* **EXERCISE AIM**: The part below that opens with the line containing "https://dimora-san-giorgio.taorminaitalyhotels.com" and closes with the line containing "2204P loafers in navy blue leather" should be copied exactly, minus any pictures.

* **EXTRACTED INFORMATION**:
....
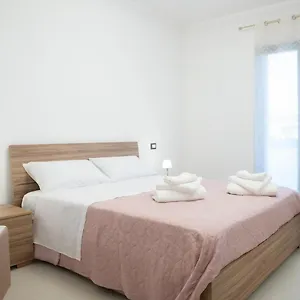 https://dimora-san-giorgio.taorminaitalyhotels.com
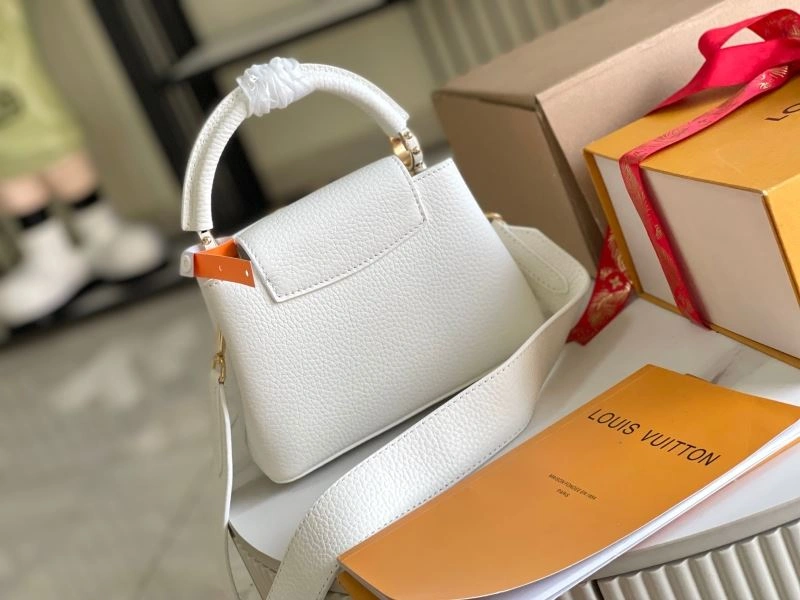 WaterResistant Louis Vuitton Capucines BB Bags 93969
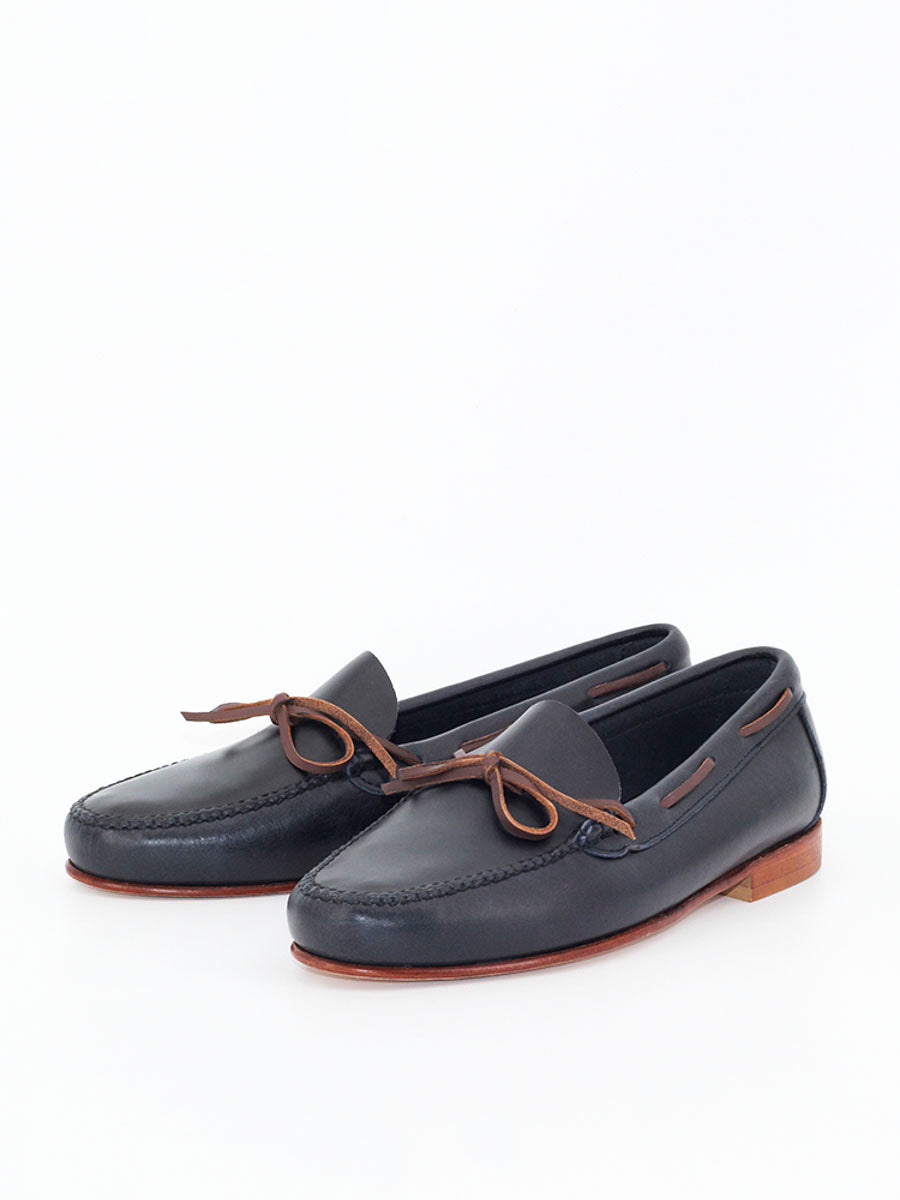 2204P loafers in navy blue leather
....
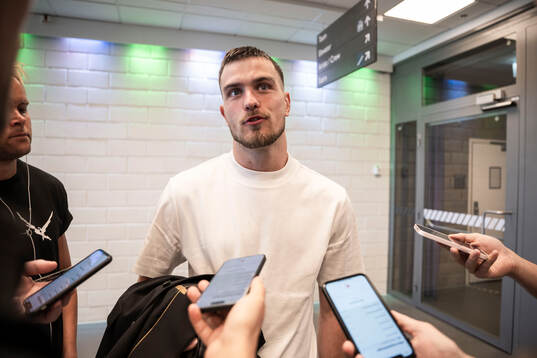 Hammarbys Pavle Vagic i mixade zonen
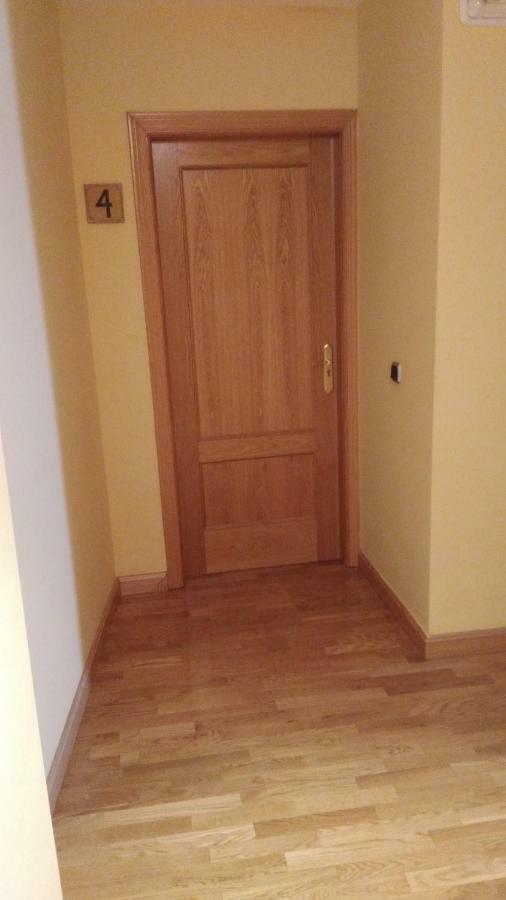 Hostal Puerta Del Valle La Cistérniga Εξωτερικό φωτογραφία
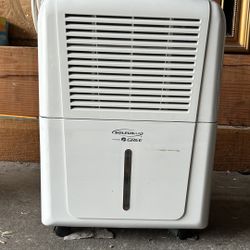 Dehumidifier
....
* **EXERCISE RESULT**:
 https://dimora-san-giorgio.taorminaitalyhotels.com
 WaterResistant Louis Vuitton Capucines BB Bags 93969
 2204P loafers in navy blue leather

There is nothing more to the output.